Il primo a toccare terra è stato Lam Binh, rifugiato giunto dal Sud del Vietnam a bordo di una barca. Era il 1976 e la sua sarebbe stata la prima di tante imbarcazioni nel corso di quattro cicli distinti d’immigrazione, in cui persone in fuga dai paesi del sud-est asiatico hanno cercato salvezza in Australia. In occasione di quel primo arrivo il Governo australiano dichiarava di assumersi le sue responsabilità di fronte alla questione globale dei rifugiati. I vietnamiti che riuscivano ad arrivare erano chiamati dalle istituzioni e dai media “richiedenti asilo” , “rifugiati”.
Oggi le persone che arrivano dal mare sono definite nelle dichiarazioni ufficiali del governo, come spiega Doherty, “illegali”. «I ministri hanno pubblicamente supposto che i richiedenti asilo “potrebbero essere assassini, potrebbero essere terroristi” e hanno riportato che “interi villaggi” stanno venendo in Australia in incontrollate “inondazioni”», sottolinea il giornalista. Allo stesso tempo – e modo – è cambiato il dibattito sull’immigrazione: dalla «questione umanitaria e di diritto internazionale» di cui il Governo parlava negli Settanta, politici e media sono passati oggi a discutere di «protezione delle frontiere» e di «minaccia alla sicurezza nazionale».
«Le alterazioni del linguaggio e del pensiero hanno il potere di cambiare il corso della storia – scrive Doherty – e nel caso dei richiedenti asilo e dei rifugiati, il destino di alcune tra le persone più vulnerabili al mondo […] Spesso sono privi di voce nel dibattito pubblico, definiti solo dal linguaggio usato da altri per descriverli. La loro immagine – la comprensione pubblica di chi essi siano – non è creato da loro stessi, ma da altri».
L’analisi di Ben Doherty, che ripercorre gli ultimi quaranta anni, giunge a una conclusione: i cambiamenti nella terminologia riflettono i cambiamenti dell’approccio politico e amministrativo al fenomeno dell’immigrazione, di cui il linguaggio stesso è strumento. I media, di volta in volta, hanno recepito e fatto loro questi cambiamenti, in un processo che non riguarda solo l’Australia. Lo stesso è accaduto e continua ad accadere negli Stati Uniti e in Europa.

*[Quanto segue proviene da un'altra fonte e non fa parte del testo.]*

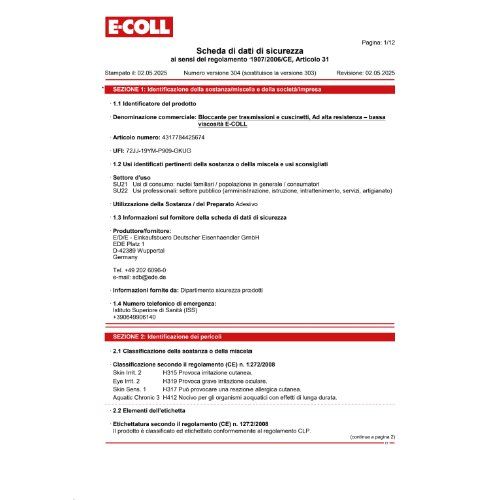 Buchsen- und Lagerkleber 50g hochfest-mittelviskosE-COLL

«La terminologia conta perché plasma la nostra comprensione di un fenomeno – ha scritto Jane McAdam, docente universitaria esperta in diritto internazionale, le cui dichiarazioni sono citate nella ricerca – se le persone sono descritte come “illegali”, questo presuppone che abbiano infranto la legge e meritino di essere trattati come criminali». I media, in quanto mezzo principale attraverso il quale i governi comunicano coi cittadini – giocano un ruolo fondamentale nelle diffusione del linguaggio.
«I media non dicono alle persone cosa pensare. Ma hanno una palese influenza nel dire alle persone cosa pensare riguardo a qualcosa» afferma Doherty.